Why geckos have superglue feet
Washington: A new study sheds light on why geckos are able to cling on repeatedly to the smoothest surfaces.
Kellar Autumn and his lab at Lewis and Clark College and the University of Washington, USA, began testing gecko grip to find out how increasing humidity helps them hold tight.
The team discovered that self-cleaning microscopic spatula-shaped hairs (setae) that coat the soles of their feet help the reptiles stick to any surface with utmost ease.
Knowing that geckos replace lost setae when they moult, Autumn, his postdoc Jonathan Puthoff, and Matt Wilkinson collected patches of the ''sticky'' hairs from gecko feet and attached them to a mechanical testing device, known as ''Robotoe'', that reproduces the way the reptile drags its foot as it contacts a surface.
The team tested whether microscopic water bridges formed in high humidity were helping the geckos hang on. They reasoned that if the reptiles were using microscopic water bridges then the setae would bond more tightly to the surface that attracted water than the surface that repelled water.
But when they measured the setae's adhesion and friction it was essentially the same on the two surfaces.
Knowing that setae are composed of keratin and keratin is softened by high humidity, Autumn wondered whether having softer setae could improve the reptiles'' contact with surfaces and increase their van der Waals adhesion.
Puthoff found that softer, more deformable setae could explain the gecko's improved attachment at high humidity.
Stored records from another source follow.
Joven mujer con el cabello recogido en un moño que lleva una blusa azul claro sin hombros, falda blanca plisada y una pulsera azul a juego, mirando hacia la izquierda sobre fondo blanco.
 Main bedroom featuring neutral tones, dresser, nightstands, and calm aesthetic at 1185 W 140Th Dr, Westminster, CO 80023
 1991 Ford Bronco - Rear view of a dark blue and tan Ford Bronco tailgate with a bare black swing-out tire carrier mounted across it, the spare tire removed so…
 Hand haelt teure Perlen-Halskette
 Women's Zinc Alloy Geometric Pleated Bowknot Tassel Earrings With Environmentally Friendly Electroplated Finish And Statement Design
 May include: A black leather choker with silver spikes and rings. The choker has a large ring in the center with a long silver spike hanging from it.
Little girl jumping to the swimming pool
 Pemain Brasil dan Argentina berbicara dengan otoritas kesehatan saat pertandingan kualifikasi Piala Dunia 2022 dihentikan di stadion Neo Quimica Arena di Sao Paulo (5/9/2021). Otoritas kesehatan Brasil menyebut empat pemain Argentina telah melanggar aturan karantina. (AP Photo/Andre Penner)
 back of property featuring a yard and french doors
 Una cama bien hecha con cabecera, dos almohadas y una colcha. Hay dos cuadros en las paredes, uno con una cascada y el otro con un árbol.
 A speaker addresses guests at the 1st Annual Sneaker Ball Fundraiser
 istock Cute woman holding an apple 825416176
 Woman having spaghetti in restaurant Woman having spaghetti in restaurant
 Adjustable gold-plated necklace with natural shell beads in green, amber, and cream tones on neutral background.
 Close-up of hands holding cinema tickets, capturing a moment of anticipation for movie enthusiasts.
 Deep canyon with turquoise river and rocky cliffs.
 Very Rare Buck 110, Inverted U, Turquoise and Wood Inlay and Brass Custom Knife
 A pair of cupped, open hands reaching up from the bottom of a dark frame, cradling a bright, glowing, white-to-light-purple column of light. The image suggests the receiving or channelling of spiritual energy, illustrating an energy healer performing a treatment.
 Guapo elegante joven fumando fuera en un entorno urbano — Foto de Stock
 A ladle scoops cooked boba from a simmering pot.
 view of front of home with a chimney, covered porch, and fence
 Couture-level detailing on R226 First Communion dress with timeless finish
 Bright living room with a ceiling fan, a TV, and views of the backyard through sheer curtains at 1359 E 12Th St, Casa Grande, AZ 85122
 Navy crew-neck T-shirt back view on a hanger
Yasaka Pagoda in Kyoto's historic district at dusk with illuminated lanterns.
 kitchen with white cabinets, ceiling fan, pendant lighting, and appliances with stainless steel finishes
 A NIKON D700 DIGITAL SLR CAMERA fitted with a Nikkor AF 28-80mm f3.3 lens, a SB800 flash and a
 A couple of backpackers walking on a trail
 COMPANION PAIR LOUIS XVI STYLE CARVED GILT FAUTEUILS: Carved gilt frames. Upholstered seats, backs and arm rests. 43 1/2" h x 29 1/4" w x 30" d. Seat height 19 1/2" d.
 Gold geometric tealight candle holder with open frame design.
Not only did increased softness strengthen the contact between the setae and the surface but also it made it easier for the reptile to peel its foot off.
So instead of improving gecko's attachment through microscopic bridges, higher humidity softens the setae that coat the reptile's feet to help them hold fast and peel free with ease.
The study was published on 15 October 2010 in The Journal of Experimental Biology.